Saanich sold on water distribution system renewal planning

As defined in Developing a Water Distribution System Renewal Plan—a best management practice created for the Ministry of Health by the BCWWA—water distribution system renewal planning (often called asset management) optimizes the life-cycle value of a utility’s physical (infrastructure) assets through effective maintenance, rehabilitation, and replacement programs.”

Developing a Water Distribution System Renewal Plan outlines two complementary approaches—top-down and bottom-up. “The top-down approach is used for strategic long-term planning of policies and programs whereas the bottom-up approach is used for short-term capital planning of projects.”

The National Water and Wastewater Benchmarking Initiative’s Issue Paper on Infrastructure Reinvestment recommends that utility managers answer the following six questions before making asset reinvestment decisions:

  1. What do you own?
  2. What is it worth?
  3. What is the deferred maintenance?
  4. What is its condition?
  5. What is the remaining service life?
  6. What do you fix first?

The answers, when reflected in an appropriate performance management model, will ensure an effective and affordable water distribution system.

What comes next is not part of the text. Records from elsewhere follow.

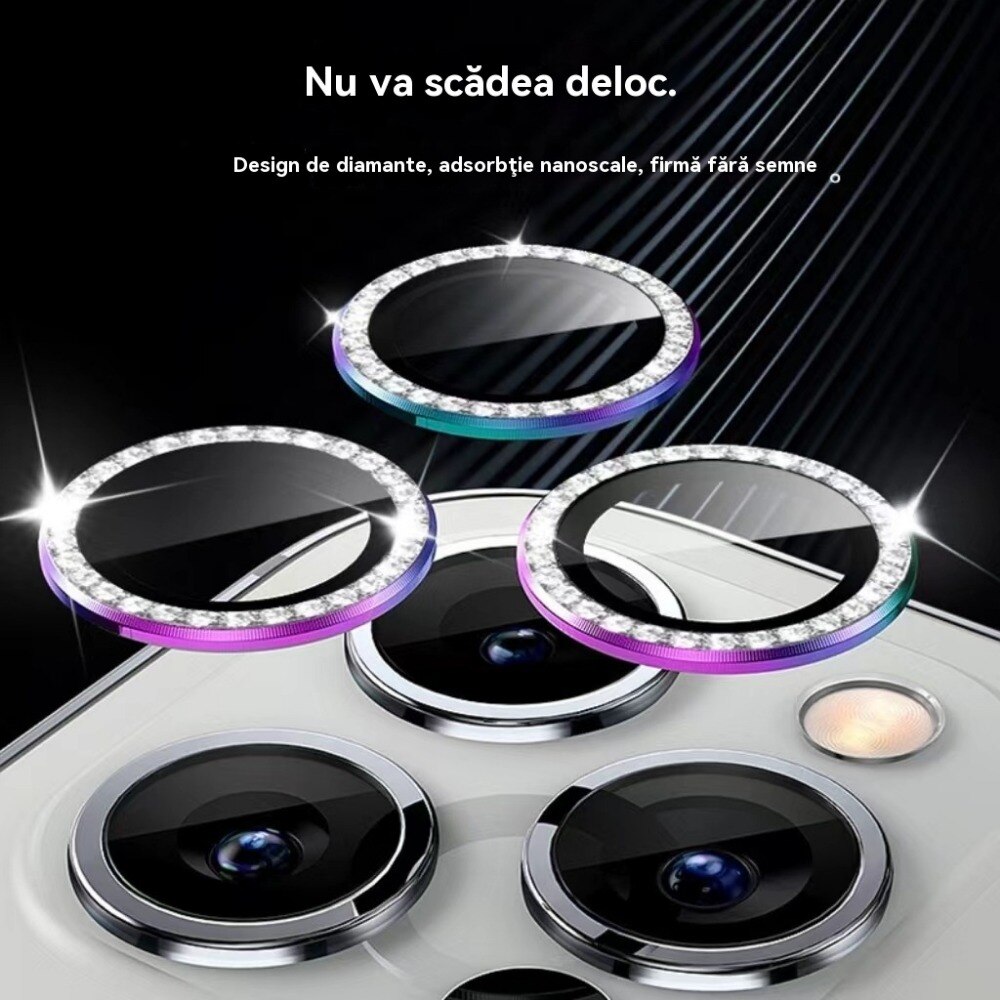 Folii protectie camera, pentru iPhone 15/ pentru 15 Plus, durabil, rezistent la zgarieturi, rezistent la apa, rezistent la ulei, usor de instalat, elegant, Roz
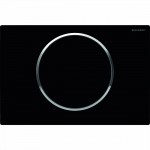 Кнопка смыва Geberit Sigma 10 одинарный смыв, олеофобная, чёрный мат./хром глянц. 115.758.14.5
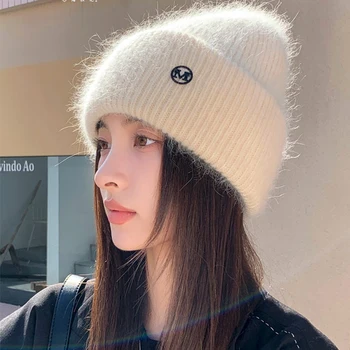Gorro de invierno suave y cálido de Angora 2024 para mujer, gorros de piel de conejo, gorro de punto esponjoso, gorro femenino de diseñador para mujer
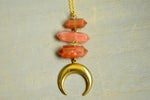 Cargar imagen en el visor de la galería, Red Agate Moon Necklace - CLEARANCE - We Love Brass
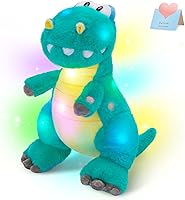 Vista 1 de Houwsbaby Dinosaurio T-Rex con luz LED verde de 13 pulgadas, con luz nocturna, juguete de peluche suave para abrazar, regalos Kawaii para niños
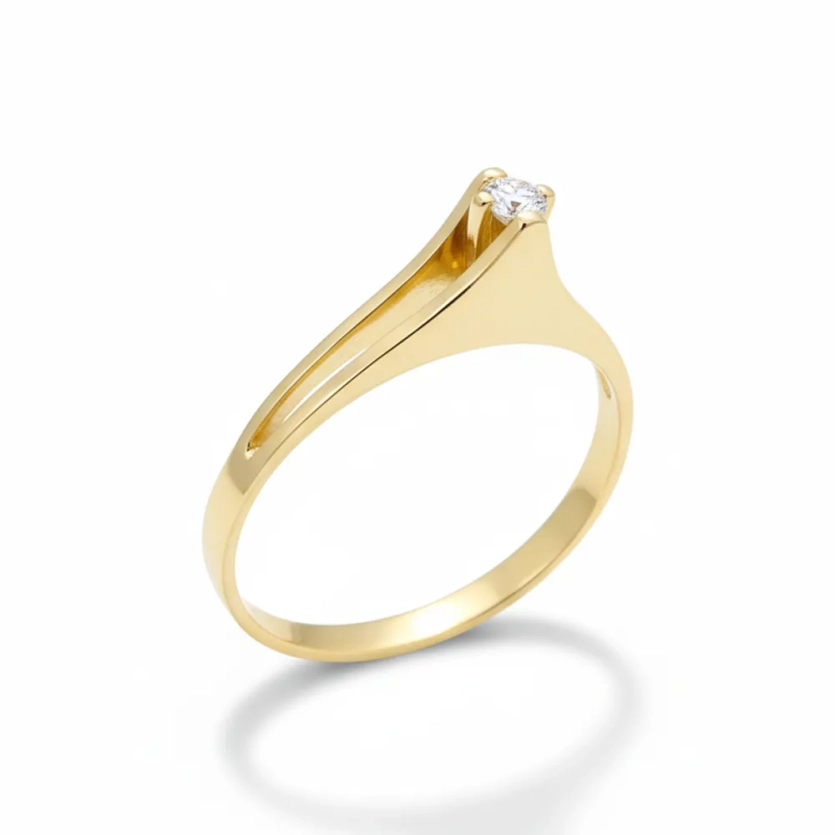 Anel Solitário de Ouro 18k Aro Duplo com Brilhante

Developing a Water Distribution System Renewal Plan recommends “renewal plans be reviewed every five to ten years to reflect the current condition of the system as well as the effectiveness of various renewal technologies. Municipalities should track water main break rates, water quality problems, fire flow rates, and leakage rates to establish deterioration rates and the adequacy of the program.”

The District of Saanich is among the 30 percent of utilities surveyed that have developed and implemented water distribution system renewal plans. Of the remaining utilities, 44 percent are considering one for the future.

The District of Saanich services almost 30,000 connections, with a distribution system that dates back to 1875.  It was ripe for renewal planning given the aging infrastructure, premature failure of asbestos cement mains, and high operations costs associated with repair of ruptured mains. The district needed to develop a proactive approach to system renewal.

A formal planning strategy was initiated in 1997; a ten-year capital works program was developed for 1998 to 2007 to address the highest priority replacements. The prioritized replacement strategy considers the following:

  • existing system deficiencies (e.g. fire flows, residual pressures, water quality);maintenance and break history;
  • coordination with other infrastructure improvements;
  • age;
  • premature failure of asbestos cement pipe (100 to 200mm diameter);
  • environmental vulnerability due to water main breaks (e.g. risk of chlorinated water entering a natural water course).

Given that Saanich has more 541 km of water main, the cost to replace the entire system is estimated at $260 million. The current plan focuses on replacement of the highest priority projects utilizing available funding of about $2.2 million per year. Funding for water system replacement is increased by about two percent per year.

Challenges faced by Saanich included lack of data in digital format (e.g. pipe inventory, pipe network drawings and a distribution system computer model), and lack of funding to address needs. The advantages, however, far outweigh the challenges. A systematic approach to main replacement will allow coordination with replacement of other infrastructure, reduced maintenance costs, and improved water quality.

District staff certainly learned a thing or two about renewal planning along the way. Here’s what they recommend to utilities embarking on a renewal planning process.

  • Develop a computer model of the water distribution system, and use that model to determine system deficiencies and model replacement facilities.
  • Conduct field-testing of your system to calibrate the model and provide data for a condition assessment.
  • Use GIS tools to analyze condition, age, break history, environmental risk and coordination with other infrastructure work.
  • Develop a spreadsheet-style pipe inventory and costs analysis system.
  • Use an integrated approach with road, sewer, drain, and water system renewal.